I planned a from-scratch menu deliberately devoid of salt to encourage tasting and pairing. Notables included sous vide custard duck eggs, sliced heirloom tomatoes, no-knead baguettes by Patrick aka best breadbaker in the world, homemade cottage cheese, homemade burrata, a slew of Italian cheeses including a three-milk Robiola and Bra Tenero, jicama, fava beans and honey, sous vide potatoes and beets, and edamame.  Whew, if that wasn’t a salt-less mouthful I don’t know what would be.  I did not forget the dessert category, which consisted of maple caramels, chocolate pavé and triple chocolate truffle tart by Patrick, and four types of ice cream: rhubarb crème fraiche, coffee hazelnut, quadruple chocolate and goat yoghurt maple.

crowd

Since many members of the Seattle fooderati scene showed for the 70+ person party, there were countless other notable culinary creations from the likes of Michael Natkin, the man behind Herbivoracious, Jenny Richards of Purplehousedirt, Lorna Yee from The Cookbook Chronicles,  Marc Schermerhorn of the infamous @marcseattle twitter feed, Keren Brown aka Frantic Foodie, and many more.  The lovely and talented Jeanne Sauvage of Fourchickens, brought me a carton of homegrown eggs that I’ve been coddling as though they were babies; I want chickens and ducks so badly I can taste them, but that’s a story for another time.

saline

For the tasting itself, I lined my dining table with over 60 empty vessels and assigned each one a corresponding number.  We created a master list on the Ipad that contained each number, then, when attendees brought salt, they simply chose a vessel, told us the number, and we catalogued each salt into the secret master list.  This way the tasting was truly blind.  I raided my own global collection of salt and filled roughly twenty of the vessels, and once all the guests had proffered their hand-selected salts, we had 63 samples.  I established four categories for the tasting: Best Overall Tasting Salt, Best Blended Salt, Best Pairing-Savory, and Best Pairing-Sweet.  My graphic designer neighbor Cyndy created ballots so folks could cast their votes, and I’ve just tallied the results, which are molto interessante indeed.

Repurposed Aarnio Bubble Chair as Wine Chiller
Repurposed Aarnio Bubble Chair as Wine Chiller

Before I get to that I want to mention some of the notable salts on display that evening, representing six continents.  Janna Wemmer from Secret Stash Salts brought a dizzying array of her expertly-blended salts, including bloody mary salt, smoked chipotle, and lavender rosemary to name a few.  She is a locally-focused artisan producer of the finest blended salt available in the Pacific Northwest, and her salts should be included in any representational goodie bag of local products.  Local foodie-about-town Traca Savadogo was able to get Mark and Marjorie Fuller of famed restaurant Spring Hill to donate some of Mark’s ancestral Hawaiian red clay sea salt, aged 25 years,  which was one I made sure to sneak a reserve of for later use.  Apparently the aging process sweetens the deal, and I mean that in a literal sense.  The kind folks over at Marx Foods heard about the tasting and donated some perfectly structured Portugese Flor de Sal for our tasting pleasure.
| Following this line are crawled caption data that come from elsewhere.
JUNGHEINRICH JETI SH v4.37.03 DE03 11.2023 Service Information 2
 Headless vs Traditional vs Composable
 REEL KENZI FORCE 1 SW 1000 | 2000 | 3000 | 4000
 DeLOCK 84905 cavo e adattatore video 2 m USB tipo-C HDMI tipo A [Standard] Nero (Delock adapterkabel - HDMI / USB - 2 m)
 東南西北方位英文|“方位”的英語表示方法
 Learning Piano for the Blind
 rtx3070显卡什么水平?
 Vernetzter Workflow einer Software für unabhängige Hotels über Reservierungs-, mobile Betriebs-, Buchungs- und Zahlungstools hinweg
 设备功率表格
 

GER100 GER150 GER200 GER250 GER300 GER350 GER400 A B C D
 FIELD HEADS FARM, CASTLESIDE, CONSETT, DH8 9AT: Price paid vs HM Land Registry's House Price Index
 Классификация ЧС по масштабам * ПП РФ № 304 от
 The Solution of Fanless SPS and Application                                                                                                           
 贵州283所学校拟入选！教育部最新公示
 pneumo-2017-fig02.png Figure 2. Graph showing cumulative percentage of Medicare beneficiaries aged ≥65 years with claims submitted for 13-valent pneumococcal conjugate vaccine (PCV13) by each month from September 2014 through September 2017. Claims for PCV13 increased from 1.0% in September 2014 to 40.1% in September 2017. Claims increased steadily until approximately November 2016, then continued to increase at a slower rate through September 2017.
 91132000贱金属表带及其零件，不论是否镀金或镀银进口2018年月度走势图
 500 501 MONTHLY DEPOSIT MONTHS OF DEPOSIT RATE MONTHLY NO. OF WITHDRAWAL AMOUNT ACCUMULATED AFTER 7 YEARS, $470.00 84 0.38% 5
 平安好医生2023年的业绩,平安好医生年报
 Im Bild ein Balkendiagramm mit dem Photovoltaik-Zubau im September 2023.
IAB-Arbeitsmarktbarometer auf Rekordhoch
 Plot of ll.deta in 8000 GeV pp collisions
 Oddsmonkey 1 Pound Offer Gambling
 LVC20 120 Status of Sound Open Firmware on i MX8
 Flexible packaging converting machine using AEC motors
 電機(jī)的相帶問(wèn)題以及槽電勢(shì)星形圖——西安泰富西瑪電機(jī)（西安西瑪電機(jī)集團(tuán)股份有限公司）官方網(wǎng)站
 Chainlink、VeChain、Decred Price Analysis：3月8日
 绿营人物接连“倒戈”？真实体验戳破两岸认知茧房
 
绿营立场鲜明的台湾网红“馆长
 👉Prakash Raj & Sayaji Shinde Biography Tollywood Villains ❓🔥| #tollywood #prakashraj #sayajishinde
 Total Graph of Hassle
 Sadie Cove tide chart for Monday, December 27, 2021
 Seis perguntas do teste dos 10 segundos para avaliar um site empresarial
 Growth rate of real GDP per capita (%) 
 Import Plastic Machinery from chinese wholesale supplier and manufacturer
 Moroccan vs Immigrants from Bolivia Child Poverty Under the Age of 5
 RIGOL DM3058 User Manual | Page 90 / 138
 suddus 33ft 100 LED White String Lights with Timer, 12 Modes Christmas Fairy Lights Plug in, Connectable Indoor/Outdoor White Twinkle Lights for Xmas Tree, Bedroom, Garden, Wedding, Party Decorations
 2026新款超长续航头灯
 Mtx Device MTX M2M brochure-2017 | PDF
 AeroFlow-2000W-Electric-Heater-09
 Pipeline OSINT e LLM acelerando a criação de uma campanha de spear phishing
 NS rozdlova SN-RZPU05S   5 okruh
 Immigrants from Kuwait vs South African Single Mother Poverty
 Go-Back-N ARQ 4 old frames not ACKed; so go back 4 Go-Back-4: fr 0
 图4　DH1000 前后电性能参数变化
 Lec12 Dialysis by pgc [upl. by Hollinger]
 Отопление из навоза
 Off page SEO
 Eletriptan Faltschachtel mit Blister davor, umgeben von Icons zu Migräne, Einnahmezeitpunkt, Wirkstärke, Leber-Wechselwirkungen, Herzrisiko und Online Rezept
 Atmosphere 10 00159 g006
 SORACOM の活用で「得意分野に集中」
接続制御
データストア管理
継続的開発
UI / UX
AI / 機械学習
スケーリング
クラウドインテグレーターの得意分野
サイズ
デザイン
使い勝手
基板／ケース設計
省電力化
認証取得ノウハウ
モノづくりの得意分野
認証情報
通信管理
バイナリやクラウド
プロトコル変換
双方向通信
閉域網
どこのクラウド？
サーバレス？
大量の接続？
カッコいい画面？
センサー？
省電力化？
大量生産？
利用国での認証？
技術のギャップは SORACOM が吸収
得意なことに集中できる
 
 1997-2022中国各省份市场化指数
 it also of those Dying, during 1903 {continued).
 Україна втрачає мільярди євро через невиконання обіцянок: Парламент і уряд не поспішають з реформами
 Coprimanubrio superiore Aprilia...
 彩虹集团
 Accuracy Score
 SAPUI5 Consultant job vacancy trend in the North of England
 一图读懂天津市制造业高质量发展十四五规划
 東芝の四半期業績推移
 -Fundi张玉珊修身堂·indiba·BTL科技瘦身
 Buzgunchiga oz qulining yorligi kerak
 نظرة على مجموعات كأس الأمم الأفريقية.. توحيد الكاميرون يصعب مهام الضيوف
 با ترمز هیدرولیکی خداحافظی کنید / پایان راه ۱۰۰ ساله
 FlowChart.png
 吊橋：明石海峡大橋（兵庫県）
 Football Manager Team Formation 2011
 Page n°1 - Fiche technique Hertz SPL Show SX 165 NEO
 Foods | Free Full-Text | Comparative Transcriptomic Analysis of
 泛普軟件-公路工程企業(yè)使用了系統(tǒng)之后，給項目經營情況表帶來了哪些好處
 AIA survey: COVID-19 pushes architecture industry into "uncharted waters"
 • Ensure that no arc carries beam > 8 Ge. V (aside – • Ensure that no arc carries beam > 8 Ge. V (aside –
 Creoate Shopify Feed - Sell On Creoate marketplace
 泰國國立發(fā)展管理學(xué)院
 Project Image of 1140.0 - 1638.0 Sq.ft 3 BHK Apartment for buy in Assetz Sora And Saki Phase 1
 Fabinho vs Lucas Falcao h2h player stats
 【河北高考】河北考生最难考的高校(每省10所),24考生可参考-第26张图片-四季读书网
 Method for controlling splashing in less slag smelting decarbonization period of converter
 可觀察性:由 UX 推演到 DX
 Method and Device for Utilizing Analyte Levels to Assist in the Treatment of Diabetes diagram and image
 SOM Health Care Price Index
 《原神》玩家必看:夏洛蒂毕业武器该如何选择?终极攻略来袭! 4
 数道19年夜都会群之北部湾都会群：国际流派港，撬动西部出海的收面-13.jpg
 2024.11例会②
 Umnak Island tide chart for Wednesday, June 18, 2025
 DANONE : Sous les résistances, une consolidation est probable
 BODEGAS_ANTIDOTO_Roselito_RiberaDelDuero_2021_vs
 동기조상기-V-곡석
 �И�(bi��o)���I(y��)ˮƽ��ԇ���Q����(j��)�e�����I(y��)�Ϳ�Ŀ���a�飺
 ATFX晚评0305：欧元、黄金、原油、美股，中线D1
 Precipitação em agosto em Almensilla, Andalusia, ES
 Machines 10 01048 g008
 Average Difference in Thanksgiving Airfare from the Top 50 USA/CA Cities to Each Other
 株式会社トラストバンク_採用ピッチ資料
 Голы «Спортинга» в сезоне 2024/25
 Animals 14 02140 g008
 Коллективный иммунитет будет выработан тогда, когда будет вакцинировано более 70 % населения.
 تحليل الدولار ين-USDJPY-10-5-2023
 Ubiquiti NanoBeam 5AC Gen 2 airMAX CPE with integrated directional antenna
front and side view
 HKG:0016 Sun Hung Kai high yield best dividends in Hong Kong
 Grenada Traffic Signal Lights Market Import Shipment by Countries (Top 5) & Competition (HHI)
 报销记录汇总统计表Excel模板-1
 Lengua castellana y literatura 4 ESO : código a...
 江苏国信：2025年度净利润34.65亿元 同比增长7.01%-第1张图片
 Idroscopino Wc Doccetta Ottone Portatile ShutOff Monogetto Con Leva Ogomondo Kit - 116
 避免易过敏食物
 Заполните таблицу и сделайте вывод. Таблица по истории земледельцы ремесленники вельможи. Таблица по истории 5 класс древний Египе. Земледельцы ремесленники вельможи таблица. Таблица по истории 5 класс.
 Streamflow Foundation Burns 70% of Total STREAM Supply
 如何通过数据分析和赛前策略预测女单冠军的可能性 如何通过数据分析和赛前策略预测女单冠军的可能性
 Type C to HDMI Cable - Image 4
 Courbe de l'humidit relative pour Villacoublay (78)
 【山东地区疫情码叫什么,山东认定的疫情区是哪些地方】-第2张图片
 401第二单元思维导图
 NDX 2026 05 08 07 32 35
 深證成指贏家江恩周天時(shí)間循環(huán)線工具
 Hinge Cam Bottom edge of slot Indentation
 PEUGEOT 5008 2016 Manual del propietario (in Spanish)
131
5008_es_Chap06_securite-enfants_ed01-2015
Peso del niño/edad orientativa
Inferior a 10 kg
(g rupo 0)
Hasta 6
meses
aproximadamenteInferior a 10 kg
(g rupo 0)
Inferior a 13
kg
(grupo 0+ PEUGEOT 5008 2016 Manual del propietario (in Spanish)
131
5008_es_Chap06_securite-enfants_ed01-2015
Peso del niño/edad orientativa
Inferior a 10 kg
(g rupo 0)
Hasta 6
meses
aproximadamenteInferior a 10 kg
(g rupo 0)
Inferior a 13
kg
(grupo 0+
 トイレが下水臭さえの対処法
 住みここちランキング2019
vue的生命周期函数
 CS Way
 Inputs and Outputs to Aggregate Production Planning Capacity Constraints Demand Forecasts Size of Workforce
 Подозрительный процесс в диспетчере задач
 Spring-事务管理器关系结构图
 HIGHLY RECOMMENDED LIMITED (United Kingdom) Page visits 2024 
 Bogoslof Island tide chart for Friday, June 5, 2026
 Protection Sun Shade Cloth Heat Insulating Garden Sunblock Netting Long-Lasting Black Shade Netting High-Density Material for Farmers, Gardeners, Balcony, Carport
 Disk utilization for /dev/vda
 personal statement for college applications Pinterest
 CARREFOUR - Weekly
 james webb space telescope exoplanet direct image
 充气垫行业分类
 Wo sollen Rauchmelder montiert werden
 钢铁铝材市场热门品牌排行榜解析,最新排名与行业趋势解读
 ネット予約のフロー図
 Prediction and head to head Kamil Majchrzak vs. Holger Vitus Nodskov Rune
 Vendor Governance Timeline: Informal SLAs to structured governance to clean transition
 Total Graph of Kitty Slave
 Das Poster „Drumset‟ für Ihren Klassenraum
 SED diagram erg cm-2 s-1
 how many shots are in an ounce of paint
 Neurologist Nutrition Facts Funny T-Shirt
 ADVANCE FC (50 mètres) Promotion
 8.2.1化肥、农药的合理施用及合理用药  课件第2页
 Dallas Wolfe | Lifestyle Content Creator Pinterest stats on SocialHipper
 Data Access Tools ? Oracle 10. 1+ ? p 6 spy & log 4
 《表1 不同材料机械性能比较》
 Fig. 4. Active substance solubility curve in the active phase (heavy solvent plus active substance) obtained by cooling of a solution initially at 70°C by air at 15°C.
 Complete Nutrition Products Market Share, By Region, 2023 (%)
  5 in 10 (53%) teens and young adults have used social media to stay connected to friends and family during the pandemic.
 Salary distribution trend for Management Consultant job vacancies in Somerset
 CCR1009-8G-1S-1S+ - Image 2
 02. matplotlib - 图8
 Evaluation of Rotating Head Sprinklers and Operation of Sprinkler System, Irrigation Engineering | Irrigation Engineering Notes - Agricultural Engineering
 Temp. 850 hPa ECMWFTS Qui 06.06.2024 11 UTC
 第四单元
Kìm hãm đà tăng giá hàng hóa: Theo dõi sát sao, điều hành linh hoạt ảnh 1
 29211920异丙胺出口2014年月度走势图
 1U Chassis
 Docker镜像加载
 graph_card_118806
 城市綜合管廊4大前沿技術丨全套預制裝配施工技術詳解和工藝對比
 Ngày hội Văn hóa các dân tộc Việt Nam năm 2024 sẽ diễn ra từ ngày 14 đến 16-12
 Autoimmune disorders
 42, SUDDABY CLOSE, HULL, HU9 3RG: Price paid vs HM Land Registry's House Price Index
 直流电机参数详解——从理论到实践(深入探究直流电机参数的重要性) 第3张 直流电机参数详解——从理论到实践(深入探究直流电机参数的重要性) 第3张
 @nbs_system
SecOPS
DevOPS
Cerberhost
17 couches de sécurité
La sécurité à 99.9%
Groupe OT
I’ve been finishing with this one for a few weeks and am very happy with the crystal structure and depth of character.

crowd

Every party is bound to have one jester, and this soiree was not immune.  Our non-food-obsessed neighbor thought it would be quite funny to cart in a salt-lick, which he did with much pride to much snickering.  We had to give it a fair tasting, so we chipped some off the old block and put it in a vessel, much to the chagrin of the poor folks who tasted it.  Oddly, it did receive one vote; some kind soul nominated it in the savory pairing category for its complementary taste with radishes.  Many of the salts travelled here from around the globe, but only a few did so expressly to be tasted at the party.  One such salt was a Waddenzout brought all the way from Amsterdam by Robert and Patrick. I sure hope that one didn’t have any extra Amsterdam-additives in it, if you know what I mean.  Another well-travelled salt came from my amazing friend Emily (Happy Birthday, Baby) who sent over some Korean Bamboo salt from Ulsan, where she is teaching for the year.  Lily and Rodney brought forth a slew of salts from Vancouver BC made by Edible Canada.  Of the twenty or so salts I personally contributed, besides my homemade salt, many of them came from the Portland-based salt boutique The Meadow.  If you think of the most esoteric salt in all the lands and are scratching your head as to where to find it, chances are you’ll find it at The Meadow, which is my go-to salt destination, both online and in the flesh.

salty line

Alright, enough of me waxing lyrical about one of the greatest substances on earth- let’s see the results.  The winner in the best overall finishing salt category is the timeless classic, Maldon Sea Salt. It’s crystal structure alone is a thing of marvel; I really believe this salt should be one of the wonders of the world because it comes in the form of little dissolving pyramids. I love other salts equally for different things, but I am not surprised that Maldon unanimously won the grand prize.  There were four salts tied for second place in this category: Trapani Sea Salt, my own sea salt, Secret Stash Salt’s Lavendar Rosemary, and Pangasinan Star.

(un)salted caramels

The winner of best blended salt goes to Black Truffle Sea Salt.  A very close second goes to Secret Stash Salt’s Lavender Rosemary Salt.  Tied for third place here are Evergreen Edible Salt and Wreck Beach Edible Salt.  Best Pairing-Sweet has three salts tied for first place. They are: Murray River Pink Salt, Maldon Sea Salt, and Tahitian Vanilla Salt, all being paired with caramels. In fact, caramels were the favored vehicle with which to sweetly taste salt.  The trickiest category was Best Pairing-Savory.  I think it’s because there was so much food it was difficult to get consistency.  Five salts tied for first place in this category. They are: The Drive Edible on heirloom tomatoes, Tahitian Vanilla on Eggs (maybe these voters had a few glasses of wine?), Sale alle Erbe delle Mar Lunghe (salt with herbs from the long sea) on Patrick’s bread, Haleakala Ruby on heirloom tomatoes, and Murray River on mozzarella and edamame.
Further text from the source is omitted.